Nearly 1 in 5 adults (52.9 million in 2020) in the United States experience mental illness, according to the National Institute of Mental Health; this can include mild to severe mental illness. Intimate partner violence affects approximately 1 in 4 women and nearly 1 in 10 men across the country, per the Centers for Disease Control and Prevention (CDC). The federal agency also finds that more than 43 million American women and 38 million men endure intimate partner-related psychological aggression in their lifetimes.

Meanwhile, approximately 36 million older adults fall in the United States each year and more than 32,000 seniors die as a result, according to the CDC. While the cause of the fall can range from poor eyesight to ill-managed diabetes to loose rugs, per the National Institute on Aging, the end result can be a broken bone, which can require a trip to the hospital, or even disability.

Integrating the App Into Practice Flow Is a Must

Patients perceive tablet-based screening as more private than in-person screening, according to the study.
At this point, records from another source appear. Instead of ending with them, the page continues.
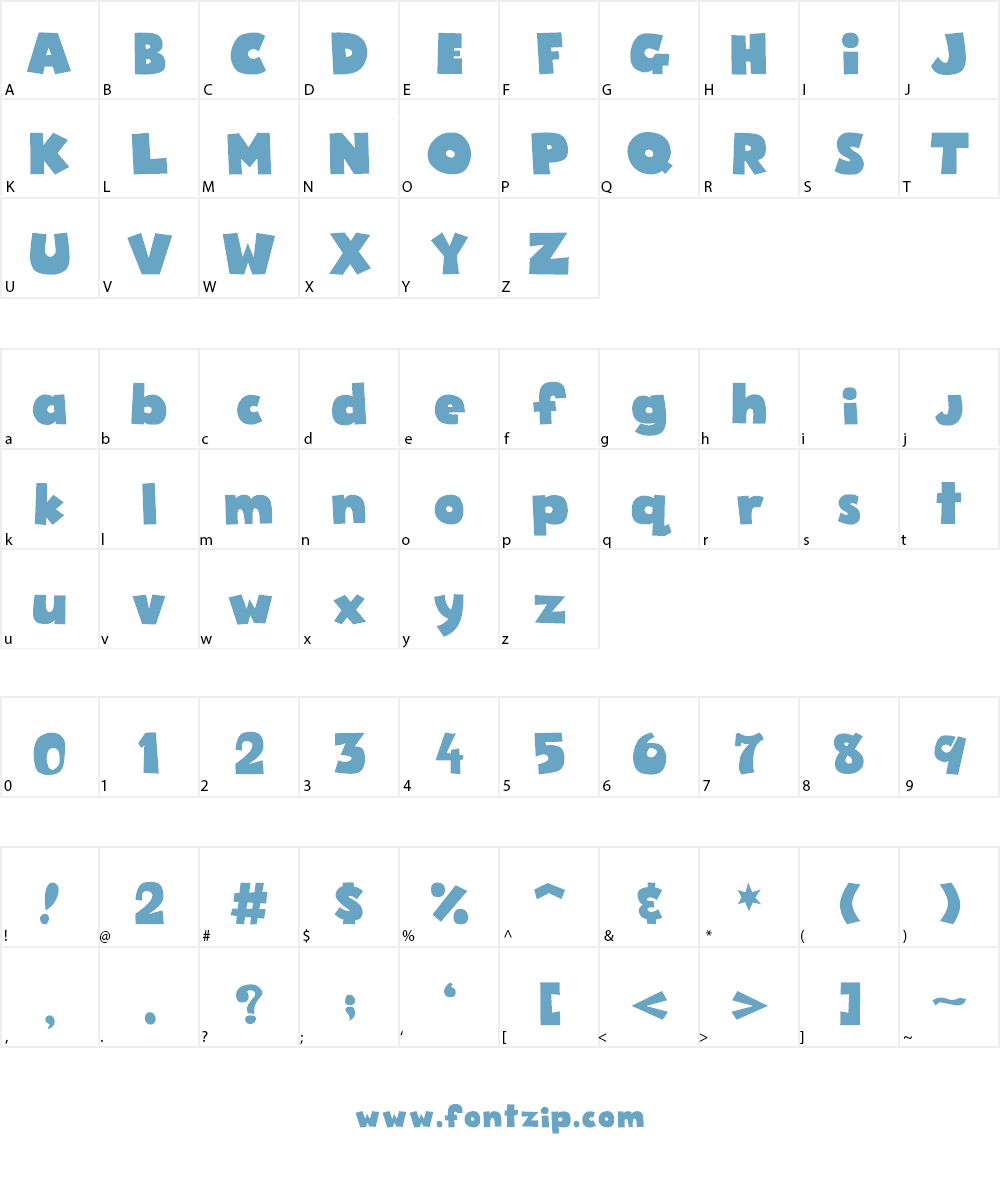 Imaginary Images Font Character
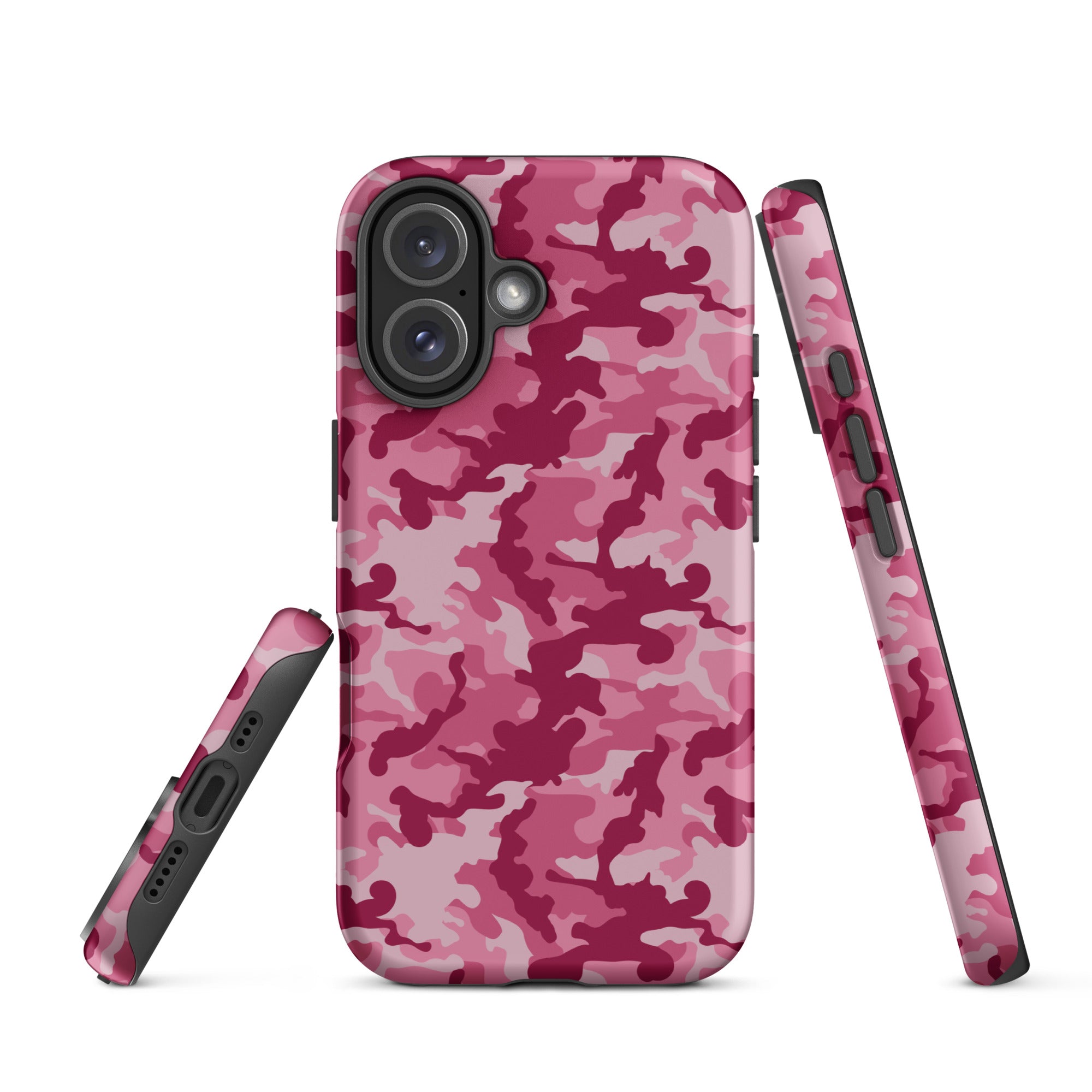 Tough Case for iPhone® Camo Dark Pink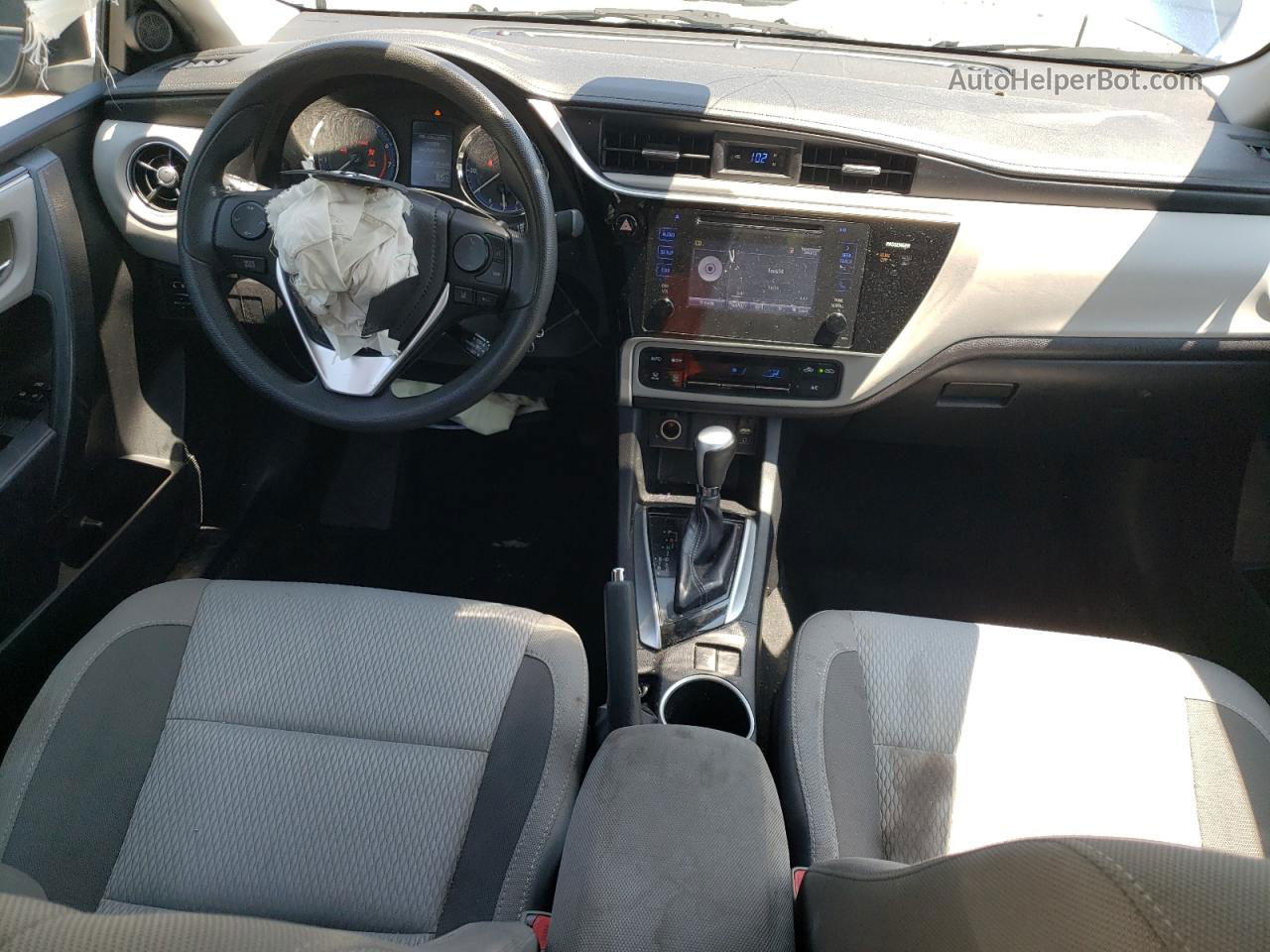 2017 Toyota Corolla L Синий vin: 2T1BURHE5HC847440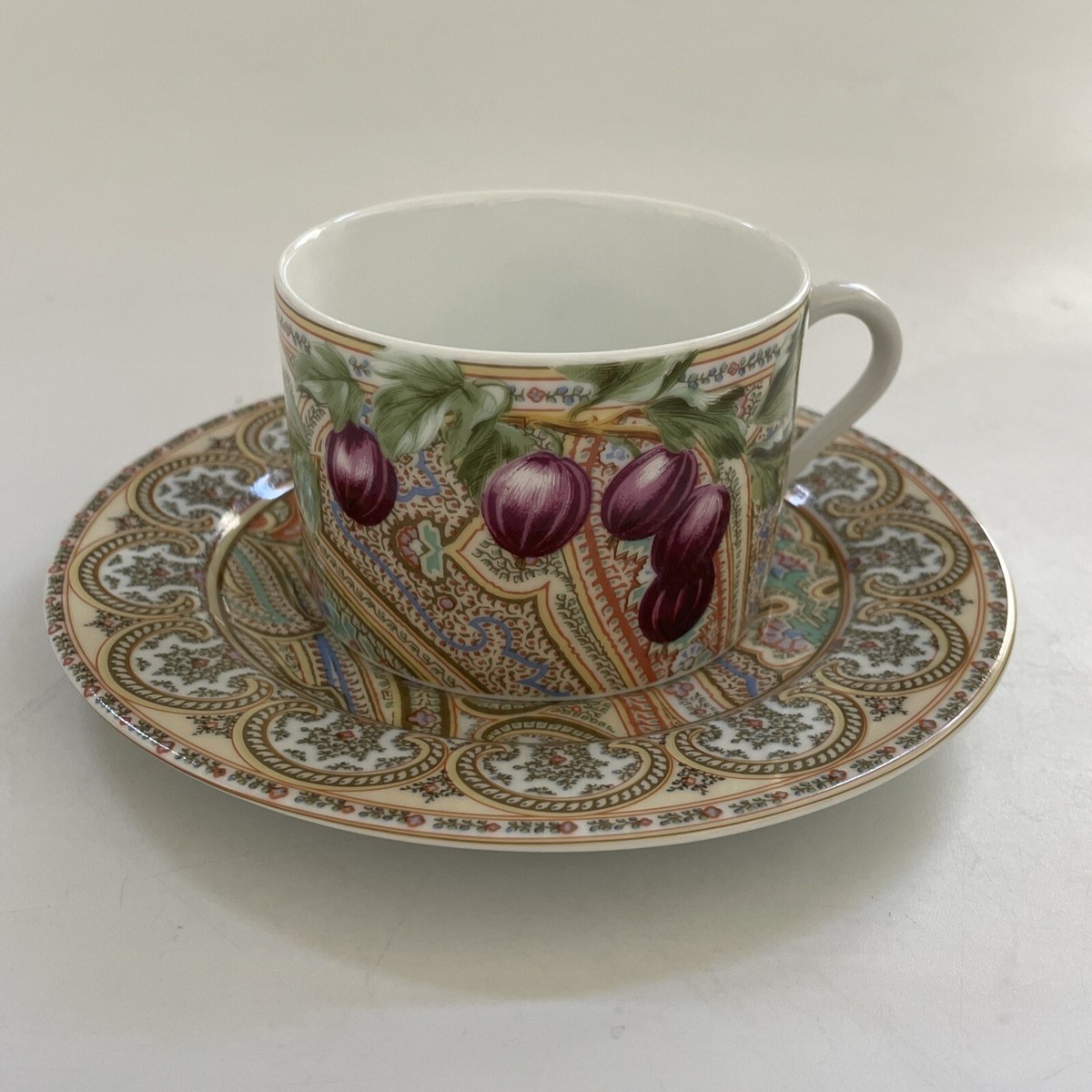 【ヴィンテージ】Philippe Deshoulieresトリンケットトレイ Ferrieres Patrick Frey Paris Cup And Saucer Porcelaine Philippe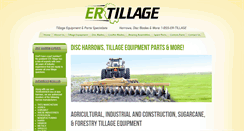 Desktop Screenshot of ertillage.com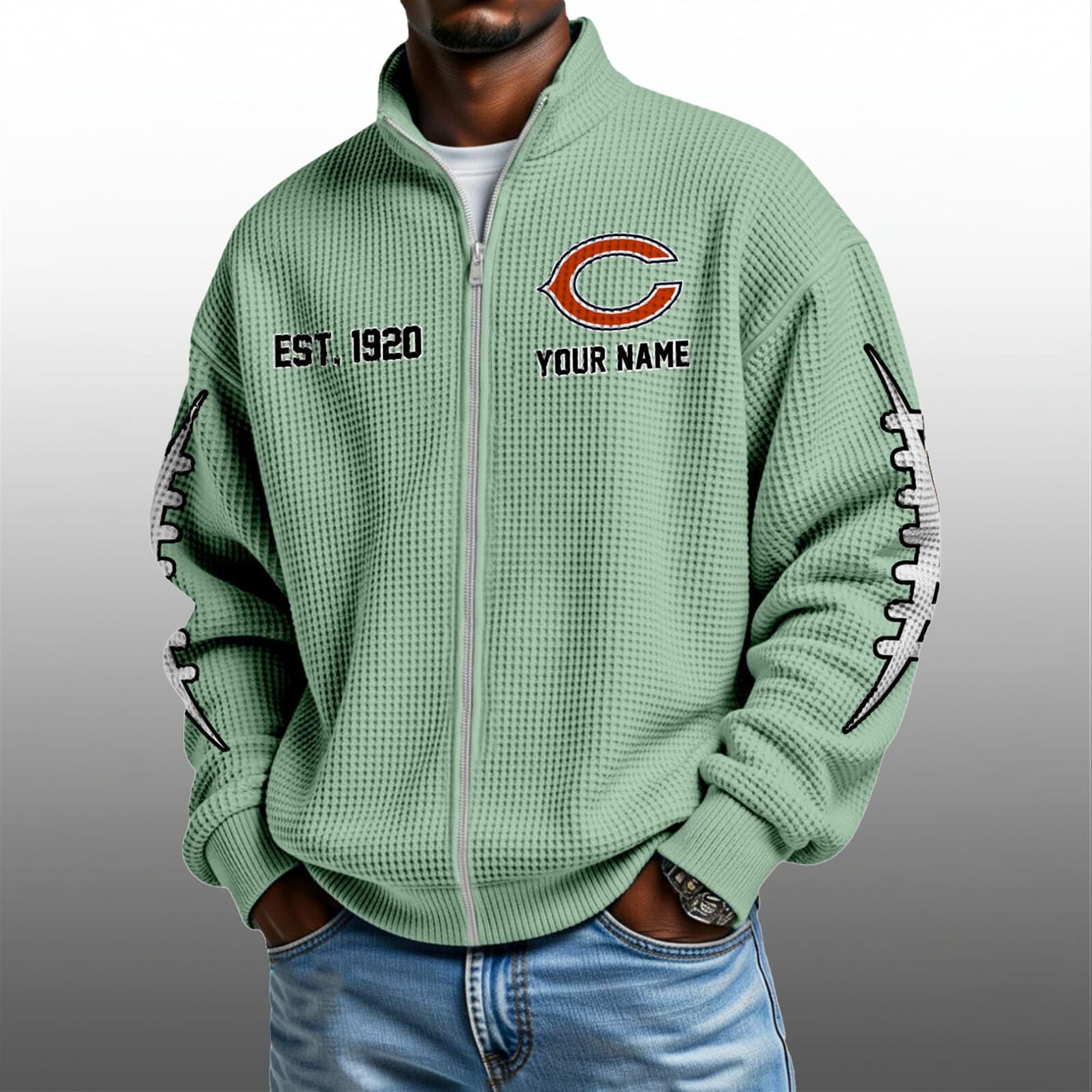 Bears EST 1920 Quarter Zip Waffle Sweatshirt Bears EST 1920 Quarter Zip Waffle Sweatshirt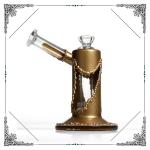 Matrix Perc Mini Bong Smoking Water Pipes Hookah Copper Art On Glass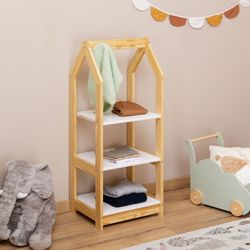 IDIMEX Kinderkleiderschrank SALLY Kinderzimmer Regal Hausform günstig online kaufen
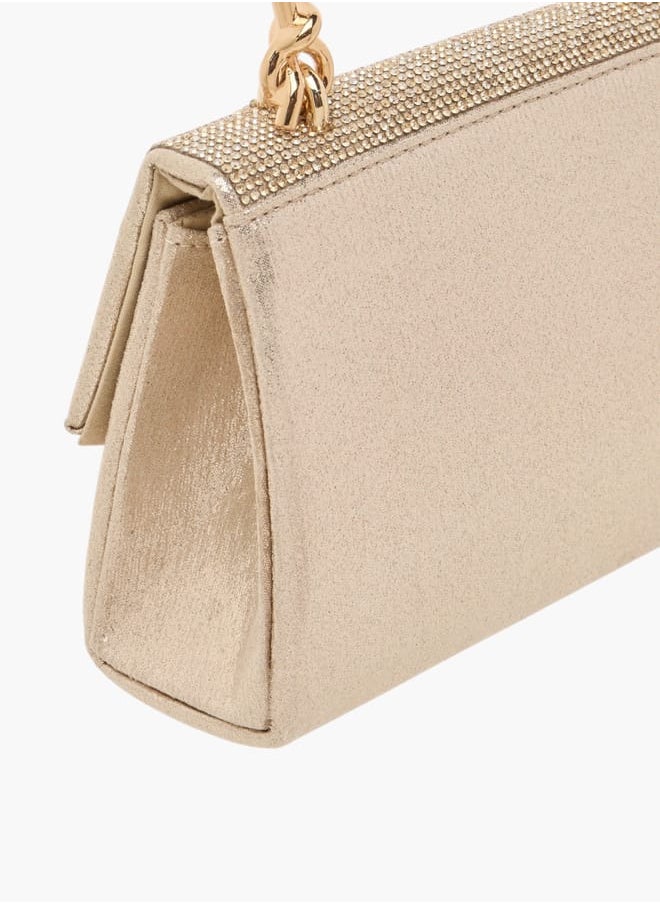 Womens Embellished Textured Satchel Bag With Magnetic Closure Ramadan Collection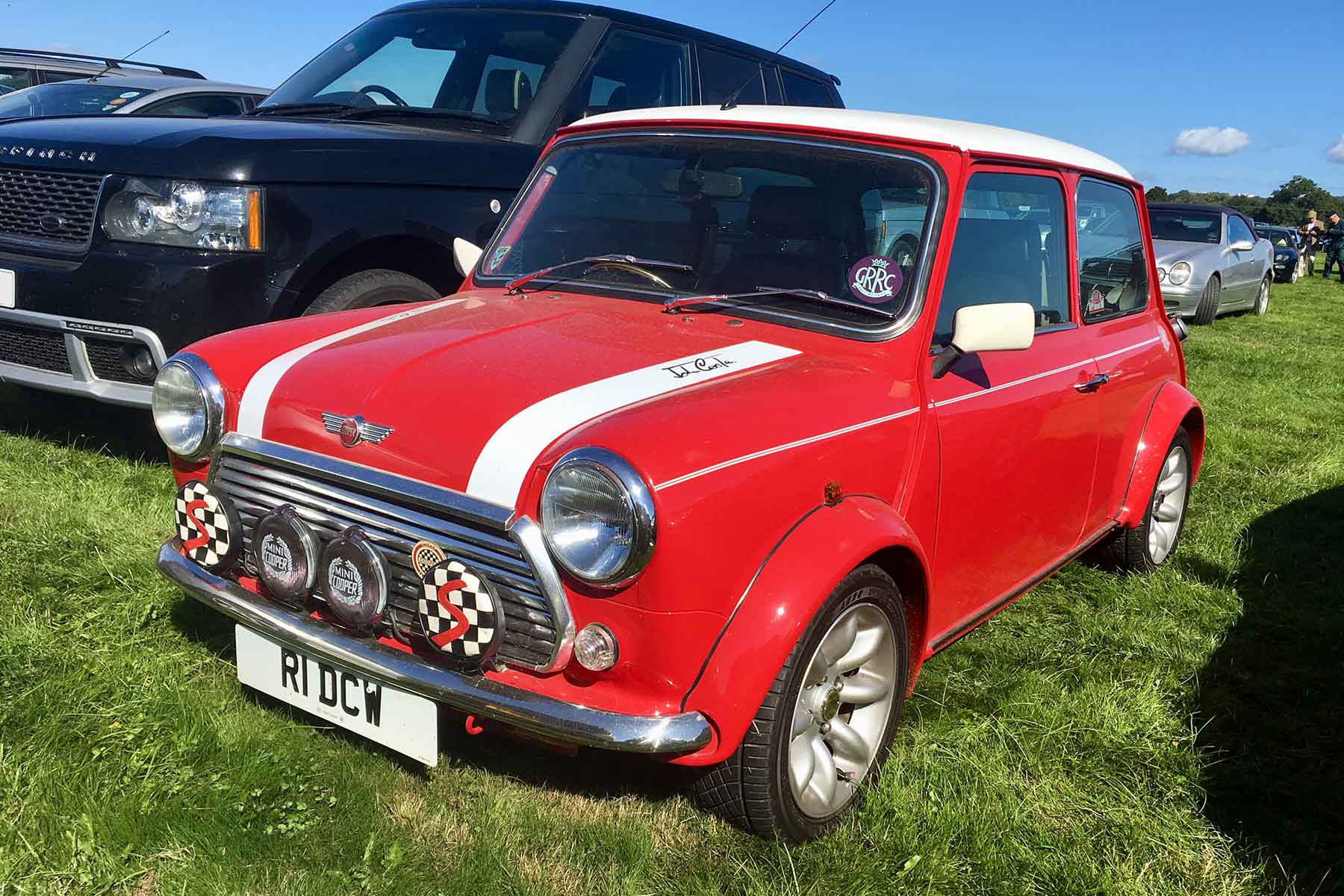 Amazing cars of the Goodwood Revival car park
Because of this perception, patients are more likely to provide more sensitive information in an app, write the authors, who add that medical office staff are often busy, which can lead them to paraphrase screening questions.

Use of the app by front desk staff varied from 10.3% to 60.5% across the six practices, according to the study, which largely occurred because of how staff handed the tablet to patients.

“We designed the app to be given to every adult patient at every visit. So for us, optimal uptake would be using it at every visit,” said Miller. “We tried to be very sensitive to [physician practices’] usual workflow.”

Keeping the questionnaire brief increased the chances that a patient could complete it in the waiting room; on average, patients finished the program in less than 90 seconds, said Miller.

“We have learned that if you want busy healthcare professionals to use a program, it must fit into their usual workflows,” he added.

As Data Is Shared With EHR, Alerts Catch Significant Results

Medical office staff are often busy juggling a variety of activities, which means they may not be focused on the patient doing the questionnaire and then miss reports about depression, intimate partner violence, or fall risk.

To address this, Miller’s team ensured that nursing staff view a patient’s responses in a pop-up in the EHR when they are transmitted from the app to the patient’s chart. A nurse is required to scroll through each patient’s responses and click on a button to accept them.

Another safeguard was making sure that physicians acted on significant results, such as a patient reporting severe depression or suicidal ideation, said Miller. Any significant results appear as a pop-up alert in the patient’s chart when it’s opened by the physician, he added.

Miller encourages physician practices to brainstorm about ways to incorporate technology to improve the efficiency and effectiveness of care. For example, if a nurse continues to ask the exact same questions of each patient, that could be an opportunity to use an app, he said.

The end results can include time savings and capturing even better information, according to Miller. “We found that our app can do just that. And we hope the time we save can be better spent addressing a patient’s specific concerns.”

More than 23,000 patients were included in the study, which captured data from June 2019 to February 2020. Researchers reduced the time period studied at two practices as a result of COVID-19 to avoid confounding. Nearly 60% (57.9%) of the patients included in the study were women, and the average age was 60 years. More than three quarters (81%) of the patients included in the study were White.

Aine Cryts is a veteran health IT and healthcare writer based out of Boston.